# DX 704 Week 2 Project

This week's project will analyze fresh strawberry price data for a hypothetical "buy low, freeze, and sell high" business.
Strawberries show strong seasonality in their prices compared to other fruits.

![](https://ers.usda.gov/sites/default/files/_laserfiche/Charts/61401/oct14_finding_plattner_fig01.png)

Image source: https://www.ers.usda.gov/amber-waves/2014/october/seasonal-fresh-fruit-price-patterns-differ-across-commodities-the-case-of-strawberries-and-apples

You are considering a business where you buy strawberries when the prices are very low, carefully freeze them, even more carefully defrost them, and then sell them when the prices are high.
You will forecast strawberry price time series and then use them to tactically pick times to buy, freeze, and sell the strawberries.

The full project description, a template notebook, and raw data are available on GitHub at the following link.

https://github.com/bu-cds-dx704/dx704-project-02


### Example Code

You may find it helpful to refer to these GitHub repositories of Jupyter notebooks for example code.

* https://github.com/bu-cds-omds/dx601-examples
* https://github.com/bu-cds-omds/dx602-examples
* https://github.com/bu-cds-omds/dx603-examples
* https://github.com/bu-cds-omds/dx704-examples

Any calculations demonstrated in code examples or videos may be found in these notebooks, and you are allowed to copy this example code in your homework answers.

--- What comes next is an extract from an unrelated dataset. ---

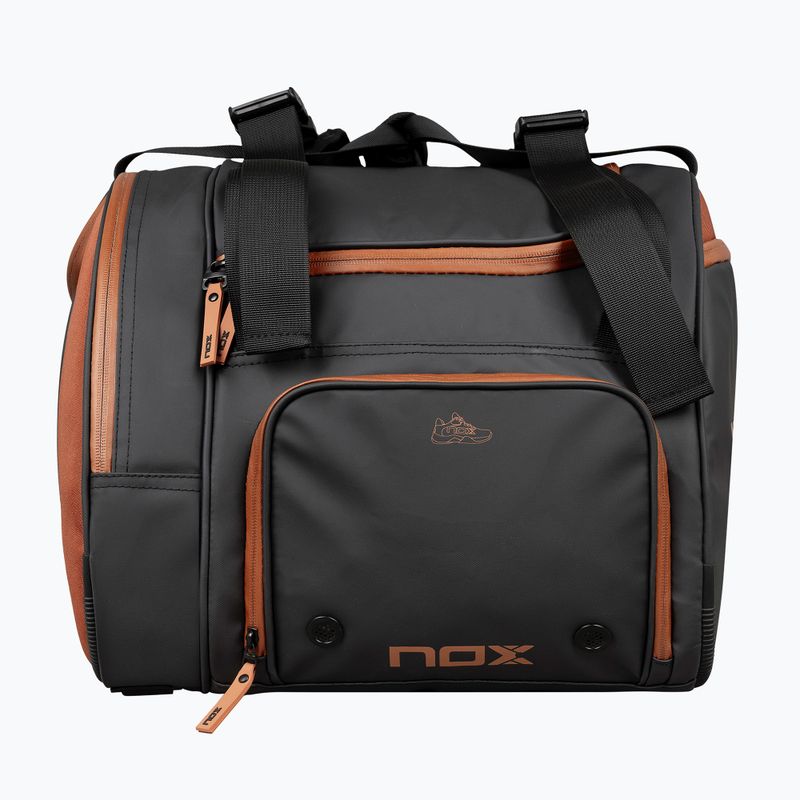 Padelio krepšys NOX Luxury Open Series 60 l black/brown 8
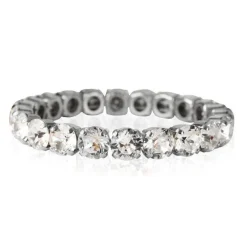 Caroline Svedbom - Armband Gia Stud Rhodium Crystal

## Part 1: Backtest Strawberry Prices

Read the provided "strawberry-prices.tsv" with data from 2020 through 2024.
This data is based on data from the U.S. Bureau of Statistics, but transformed so the ground truth is not online.
https://fred.stlouisfed.org/series/APU0000711415

Use the data for 2020 through 2023 to predict monthly prices in 2024.
Spend some time to make sure you are happy with your methodology and prediction accuracy, since you will reuse the methodology to forecast 2025 next.
Save the 2024 backtest predictions as "strawberry-backtest.tsv" with columns month and price.

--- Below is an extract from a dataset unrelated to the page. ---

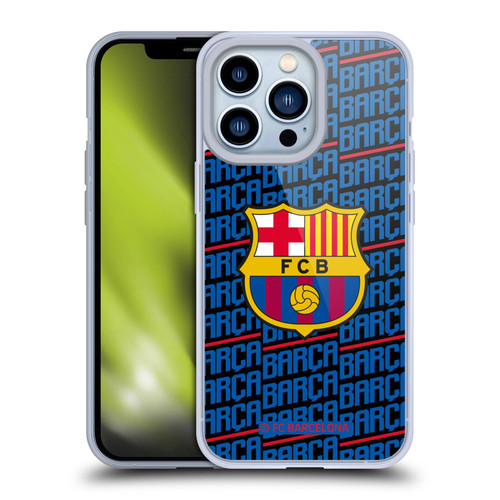 FC Barcelona Crest Patterns Barca Soft Gel Case for Apple iPhone 13 Pro & MagSafe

Submit "strawberry-backtest.tsv" in Gradescope.

In [62]:
# Part 1: Backtest (predict 2024), save months as YYYY-MM-01
import numpy as np, pandas as pd

DATA_FILE = "strawberry-prices.tsv"

def month_floor(s: pd.Series) -> pd.Series:
    s = pd.to_datetime(s, errors="coerce")
    return s.dt.to_period("M").dt.to_timestamp()  # first-of-month

def build_X(month_dt: pd.Series, t: pd.Series) -> pd.DataFrame:
    X = pd.DataFrame({"intercept": 1.0, "t": t.astype(float), "t2": (t.astype(float)**2)})
    m = month_dt.dt.month.astype("int64")
    dummies = pd.get_dummies(m, prefix="m", dtype=float)
    if "m_1" in dummies.columns:
        dummies = dummies.drop(columns=["m_1"])
    for k in range(2, 13):
        col = f"m_{k}"
        if col not in dummies.columns:
            dummies[col] = 0.0
    dummies = dummies.reindex(sorted(dummies.columns), axis=1)
    return pd.concat([X, dummies], axis=1)

def ols_predict(X_train, y_train, X_new):
    beta, *_ = np.linalg.lstsq(X_train.values.astype(float), y_train.values.astype(float), rcond=None)
    return (X_new.values.astype(float) @ beta)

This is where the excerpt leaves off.